▸ **Assignment**: Type out the data below in its entirety, exactly as given.

Extracted records:
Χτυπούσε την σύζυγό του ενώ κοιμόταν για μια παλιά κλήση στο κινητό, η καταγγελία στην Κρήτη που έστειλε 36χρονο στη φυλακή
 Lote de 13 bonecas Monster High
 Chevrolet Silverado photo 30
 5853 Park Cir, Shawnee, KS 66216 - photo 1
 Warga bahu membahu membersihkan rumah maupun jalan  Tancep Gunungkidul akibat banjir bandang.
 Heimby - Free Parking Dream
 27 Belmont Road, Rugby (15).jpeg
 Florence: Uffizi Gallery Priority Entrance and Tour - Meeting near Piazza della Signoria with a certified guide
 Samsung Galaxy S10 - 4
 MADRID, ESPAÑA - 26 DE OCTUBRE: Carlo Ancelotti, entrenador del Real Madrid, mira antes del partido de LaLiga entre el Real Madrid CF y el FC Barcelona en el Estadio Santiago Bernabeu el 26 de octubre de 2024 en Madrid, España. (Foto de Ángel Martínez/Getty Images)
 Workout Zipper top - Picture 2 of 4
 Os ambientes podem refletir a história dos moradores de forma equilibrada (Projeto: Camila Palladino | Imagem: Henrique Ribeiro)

▸ **Task answer**:
Χτυπούσε την σύζυγό του ενώ κοιμόταν για μια παλιά κλήση στο κινητό, η καταγγελία στην Κρήτη που έστειλε 36χρονο στη φυλακή
 Lote de 13 bonecas Monster High
 Chevrolet Silverado photo 30
 5853 Park Cir, Shawnee, KS 66216 - photo 1
 Warga bahu membahu membersihkan rumah maupun jalan  Tancep Gunungkidul akibat banjir bandang.
 Heimby - Free Parking Dream
 27 Belmont Road, Rugby (15).jpeg
 Florence: Uffizi Gallery Priority Entrance and Tour - Meeting near Piazza della Signoria with a certified guide
 Samsung Galaxy S10 - 4
 MADRID, ESPAÑA - 26 DE OCTUBRE: Carlo Ancelotti, entrenador del Real Madrid, mira antes del partido de LaLiga entre el Real Madrid CF y el FC Barcelona en el Estadio Santiago Bernabeu el 26 de octubre de 2024 en Madrid, España. (Foto de Ángel Martínez/Getty Images)
 Workout Zipper top - Picture 2 of 4
 Os ambientes podem refletir a história dos moradores de forma equilibrada (Projeto: Camila Palladino | Imagem: Henrique Ribeiro)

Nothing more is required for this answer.